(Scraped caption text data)
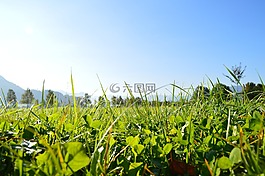 草,天空,綠色
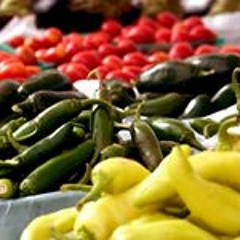 AaMartijn-a van Linden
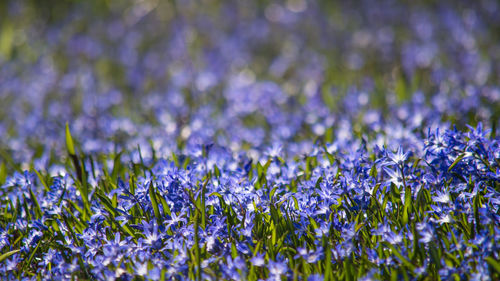 Close-up of purple flowers blooming in field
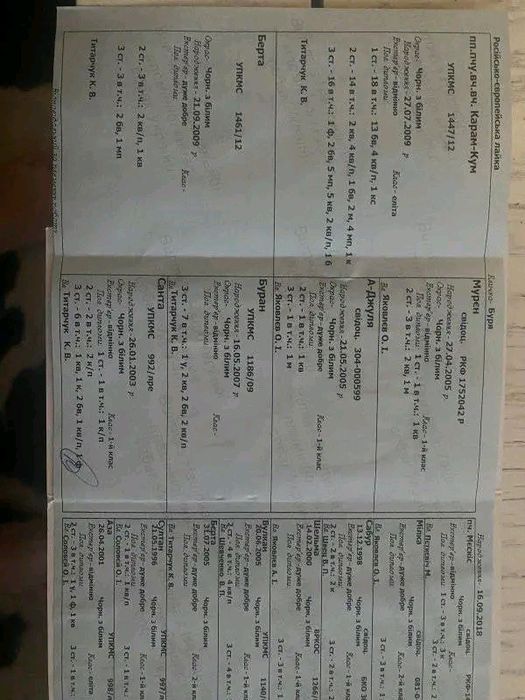 Продаються чистокровні цуцики лайки РЕЛ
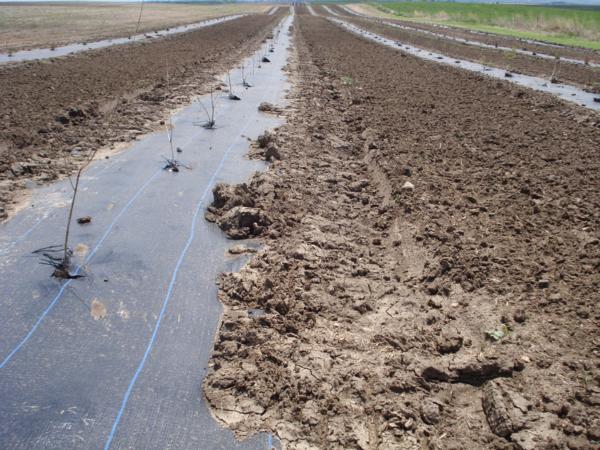 Habitat Topic #1 – A Fabric-less Woody Cover Planting System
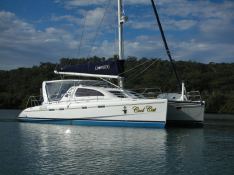 Robertson & Caines Leopard  42 0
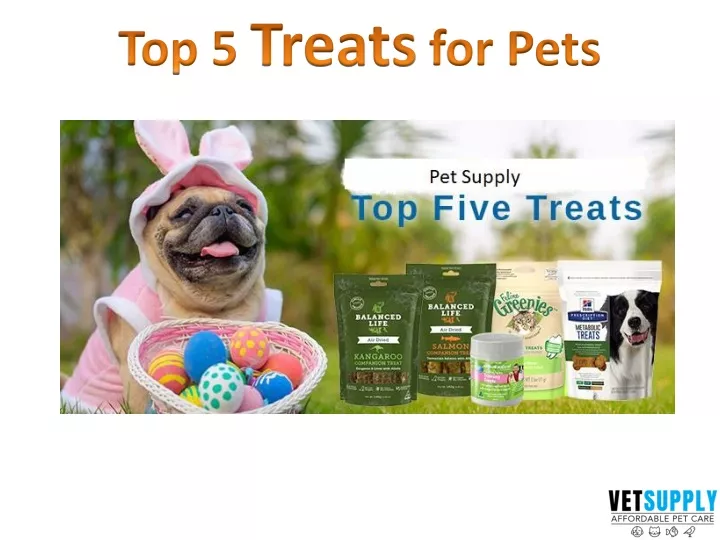 top 5 treats for pets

◆ Exercise:
Each line of the data above must be reproduced as written. Skip the pictures.

◆ Completed task:
 草,天空,綠色
 AaMartijn-a van Linden
 Close-up of purple flowers blooming in field
 Продаються чистокровні цуцики лайки РЕЛ
 Habitat Topic #1 – A Fabric-less Woody Cover Planting System
 Robertson & Caines Leopard  42 0
 top 5 treats for pets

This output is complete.